» **Work to be completed**: Please give back, word for word, each line from the start of the entries through the one in which "Round Neck Smocked" is found.

» **Records for this exercise**:

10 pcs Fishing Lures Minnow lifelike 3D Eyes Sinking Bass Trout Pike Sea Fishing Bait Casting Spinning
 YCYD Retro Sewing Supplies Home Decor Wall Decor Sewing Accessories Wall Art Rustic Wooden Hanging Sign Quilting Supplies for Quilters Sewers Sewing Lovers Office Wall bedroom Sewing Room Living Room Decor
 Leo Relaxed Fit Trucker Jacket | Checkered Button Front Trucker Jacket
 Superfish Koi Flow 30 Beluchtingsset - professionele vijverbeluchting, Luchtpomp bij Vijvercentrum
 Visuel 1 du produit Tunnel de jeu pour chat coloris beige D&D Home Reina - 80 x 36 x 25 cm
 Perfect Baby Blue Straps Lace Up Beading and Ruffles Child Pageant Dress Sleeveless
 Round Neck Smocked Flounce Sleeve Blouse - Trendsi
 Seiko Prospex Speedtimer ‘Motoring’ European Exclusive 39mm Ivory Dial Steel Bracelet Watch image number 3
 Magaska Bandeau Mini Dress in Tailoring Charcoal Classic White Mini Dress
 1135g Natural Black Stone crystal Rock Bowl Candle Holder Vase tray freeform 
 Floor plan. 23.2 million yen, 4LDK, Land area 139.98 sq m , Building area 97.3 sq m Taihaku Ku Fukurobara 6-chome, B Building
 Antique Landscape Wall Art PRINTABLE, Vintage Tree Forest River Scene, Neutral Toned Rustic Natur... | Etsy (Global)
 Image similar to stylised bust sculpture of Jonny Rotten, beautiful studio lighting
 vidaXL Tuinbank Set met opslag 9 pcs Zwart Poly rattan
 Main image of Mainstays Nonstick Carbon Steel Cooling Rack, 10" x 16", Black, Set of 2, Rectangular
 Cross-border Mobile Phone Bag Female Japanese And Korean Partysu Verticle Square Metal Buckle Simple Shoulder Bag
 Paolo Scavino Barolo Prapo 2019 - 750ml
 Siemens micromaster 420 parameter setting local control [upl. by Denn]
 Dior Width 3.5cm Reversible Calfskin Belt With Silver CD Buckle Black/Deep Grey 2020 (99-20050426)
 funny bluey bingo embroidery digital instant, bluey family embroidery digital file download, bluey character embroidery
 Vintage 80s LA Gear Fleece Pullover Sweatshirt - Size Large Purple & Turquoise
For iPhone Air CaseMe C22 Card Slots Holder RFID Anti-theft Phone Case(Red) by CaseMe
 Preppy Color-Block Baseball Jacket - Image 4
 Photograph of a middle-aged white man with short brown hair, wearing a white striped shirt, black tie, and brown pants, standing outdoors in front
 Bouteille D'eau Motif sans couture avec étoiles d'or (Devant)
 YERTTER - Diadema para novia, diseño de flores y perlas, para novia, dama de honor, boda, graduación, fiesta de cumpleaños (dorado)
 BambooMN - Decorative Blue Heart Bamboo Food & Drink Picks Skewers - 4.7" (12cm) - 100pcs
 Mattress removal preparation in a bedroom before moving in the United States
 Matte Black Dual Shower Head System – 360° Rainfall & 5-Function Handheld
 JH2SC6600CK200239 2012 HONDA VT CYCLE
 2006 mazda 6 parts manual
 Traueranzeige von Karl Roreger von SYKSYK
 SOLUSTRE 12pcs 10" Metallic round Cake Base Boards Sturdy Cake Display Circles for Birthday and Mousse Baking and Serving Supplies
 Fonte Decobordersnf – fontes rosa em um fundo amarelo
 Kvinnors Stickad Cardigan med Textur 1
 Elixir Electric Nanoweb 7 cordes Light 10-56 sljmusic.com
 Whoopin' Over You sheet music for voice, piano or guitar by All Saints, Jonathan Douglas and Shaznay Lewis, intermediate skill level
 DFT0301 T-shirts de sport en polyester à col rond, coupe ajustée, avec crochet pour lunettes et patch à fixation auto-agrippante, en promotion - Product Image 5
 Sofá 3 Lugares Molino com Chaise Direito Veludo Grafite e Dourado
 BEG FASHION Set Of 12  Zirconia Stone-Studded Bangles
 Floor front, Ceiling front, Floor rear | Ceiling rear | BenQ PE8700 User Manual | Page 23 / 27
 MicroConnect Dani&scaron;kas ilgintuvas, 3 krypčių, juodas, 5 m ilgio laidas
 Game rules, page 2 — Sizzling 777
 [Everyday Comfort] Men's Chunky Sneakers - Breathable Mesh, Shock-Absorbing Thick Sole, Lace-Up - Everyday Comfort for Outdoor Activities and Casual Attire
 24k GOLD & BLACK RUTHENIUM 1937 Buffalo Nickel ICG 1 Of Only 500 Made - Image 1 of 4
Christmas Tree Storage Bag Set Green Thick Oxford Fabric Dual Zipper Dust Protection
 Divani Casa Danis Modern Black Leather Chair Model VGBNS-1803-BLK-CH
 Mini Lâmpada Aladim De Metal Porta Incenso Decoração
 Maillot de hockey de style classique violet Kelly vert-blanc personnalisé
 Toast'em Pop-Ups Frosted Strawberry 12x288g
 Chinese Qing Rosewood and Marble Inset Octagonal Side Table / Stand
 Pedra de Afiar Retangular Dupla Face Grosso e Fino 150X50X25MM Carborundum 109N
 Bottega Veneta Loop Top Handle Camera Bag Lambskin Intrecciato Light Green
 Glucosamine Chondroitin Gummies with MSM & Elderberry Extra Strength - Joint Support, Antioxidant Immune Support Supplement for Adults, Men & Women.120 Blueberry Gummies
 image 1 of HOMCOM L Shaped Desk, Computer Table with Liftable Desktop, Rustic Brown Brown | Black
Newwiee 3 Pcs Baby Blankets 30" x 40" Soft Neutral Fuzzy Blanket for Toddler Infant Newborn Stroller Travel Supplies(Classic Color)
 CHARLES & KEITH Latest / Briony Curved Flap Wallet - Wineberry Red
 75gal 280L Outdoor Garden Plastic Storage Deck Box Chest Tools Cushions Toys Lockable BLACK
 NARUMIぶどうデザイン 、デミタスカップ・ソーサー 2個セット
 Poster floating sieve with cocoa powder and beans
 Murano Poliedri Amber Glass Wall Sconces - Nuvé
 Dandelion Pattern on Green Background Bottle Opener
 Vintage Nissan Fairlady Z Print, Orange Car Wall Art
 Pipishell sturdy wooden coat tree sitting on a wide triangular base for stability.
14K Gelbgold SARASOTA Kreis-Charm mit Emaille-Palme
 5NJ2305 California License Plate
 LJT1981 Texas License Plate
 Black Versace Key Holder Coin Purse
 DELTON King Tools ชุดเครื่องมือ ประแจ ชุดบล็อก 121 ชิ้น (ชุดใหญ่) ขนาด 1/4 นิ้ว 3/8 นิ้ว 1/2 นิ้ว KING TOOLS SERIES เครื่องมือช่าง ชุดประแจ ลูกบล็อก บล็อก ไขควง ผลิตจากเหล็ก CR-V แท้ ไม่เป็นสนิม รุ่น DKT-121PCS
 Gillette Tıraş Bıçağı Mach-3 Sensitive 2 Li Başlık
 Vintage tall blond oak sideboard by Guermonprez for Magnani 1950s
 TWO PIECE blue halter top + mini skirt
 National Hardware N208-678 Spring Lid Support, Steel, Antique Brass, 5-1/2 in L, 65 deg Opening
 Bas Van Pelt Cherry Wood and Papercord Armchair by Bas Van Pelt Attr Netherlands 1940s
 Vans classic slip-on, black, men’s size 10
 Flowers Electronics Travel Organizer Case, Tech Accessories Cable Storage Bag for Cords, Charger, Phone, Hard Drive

» **Answer to this exercise**:
10 pcs Fishing Lures Minnow lifelike 3D Eyes Sinking Bass Trout Pike Sea Fishing Bait Casting Spinning
 YCYD Retro Sewing Supplies Home Decor Wall Decor Sewing Accessories Wall Art Rustic Wooden Hanging Sign Quilting Supplies for Quilters Sewers Sewing Lovers Office Wall bedroom Sewing Room Living Room Decor
 Leo Relaxed Fit Trucker Jacket | Checkered Button Front Trucker Jacket
 Superfish Koi Flow 30 Beluchtingsset - professionele vijverbeluchting, Luchtpomp bij Vijvercentrum
 Visuel 1 du produit Tunnel de jeu pour chat coloris beige D&D Home Reina - 80 x 36 x 25 cm
 Perfect Baby Blue Straps Lace Up Beading and Ruffles Child Pageant Dress Sleeveless
 Round Neck Smocked Flounce Sleeve Blouse - Trendsi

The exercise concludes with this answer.